_Provided data_
········

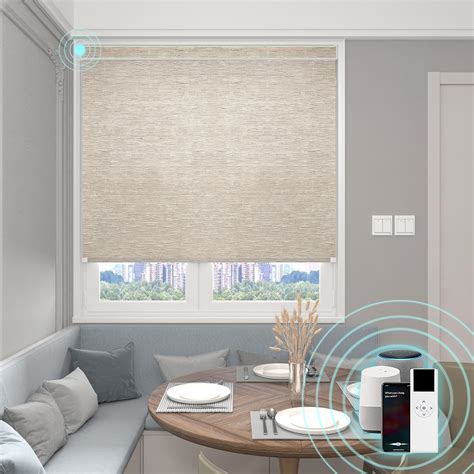 HILADUO Motorized Roller Blinds Customized Size Width 20 105 Inches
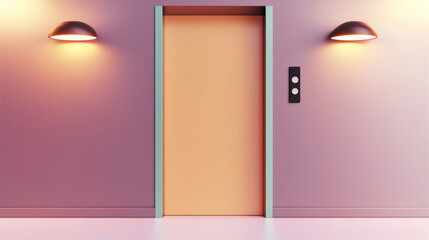 Modern elevator door with pastel orange and mauve walls, soft lighting, and minimalist design. Clean lines and simple aesthetics.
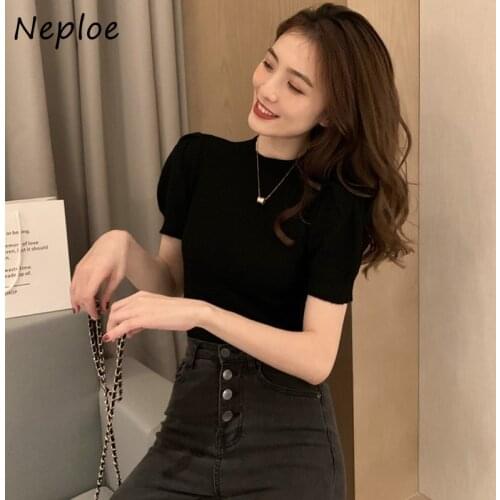 Neploe Knitted Sweater Women Summer 2021 Solid O Neck Short Puff Sleeve Stretch Sweaters Loose Casual Ladies Tops 1A1013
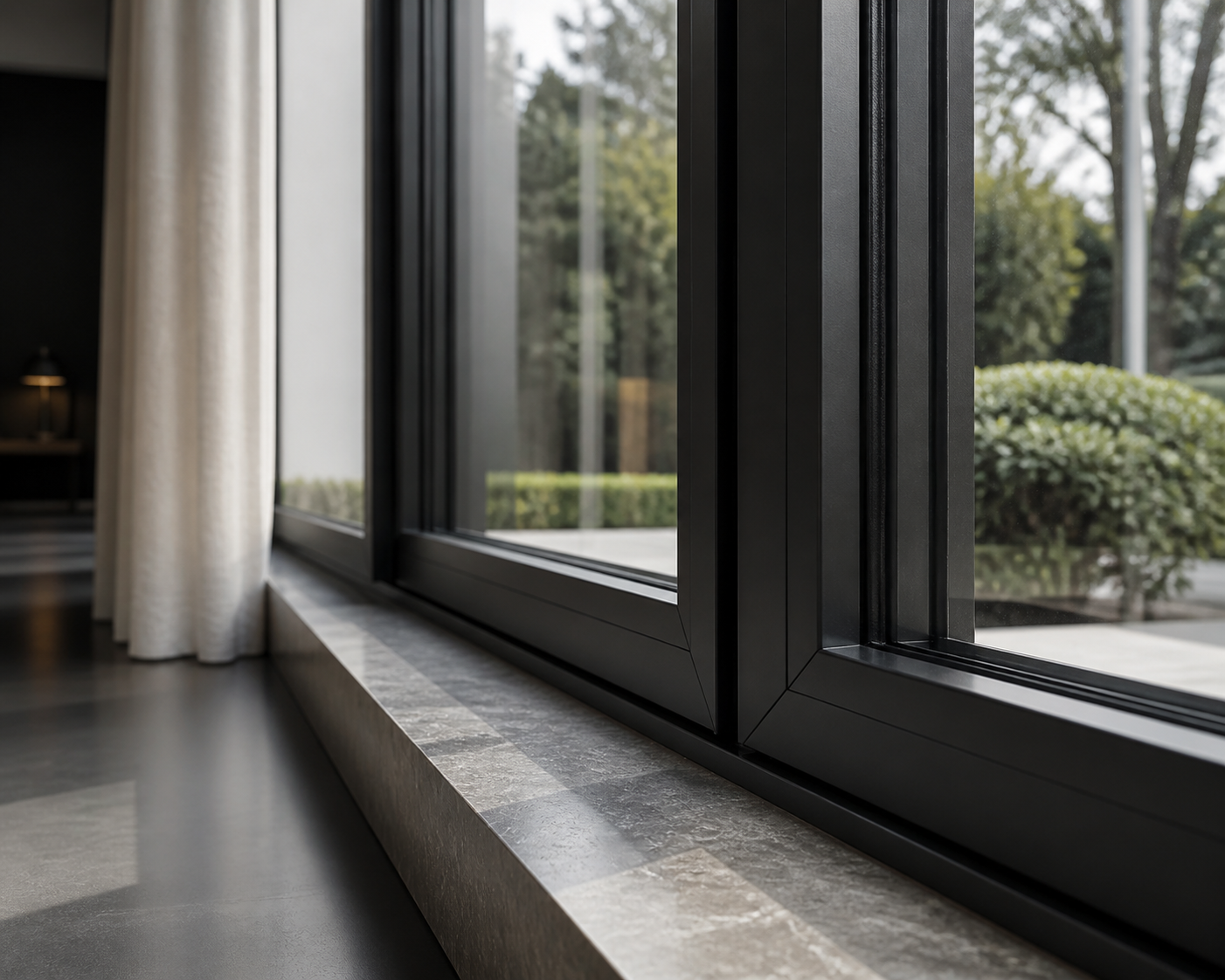Detalle arquitectónico de ventana PVC premium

········

_Brief_
Each line of the data needs to be output exactly, with any image excluded.

_Reply to the exercise_
 HILADUO Motorized Roller Blinds Customized Size Width 20 105 Inches
 Modern elevator door with pastel orange and mauve walls, soft lighting, and minimalist design. Clean lines and simple aesthetics.
 Neploe Knitted Sweater Women Summer 2021 Solid O Neck Short Puff Sleeve Stretch Sweaters Loose Casual Ladies Tops 1A1013
Detalle arquitectónico de ventana PVC premium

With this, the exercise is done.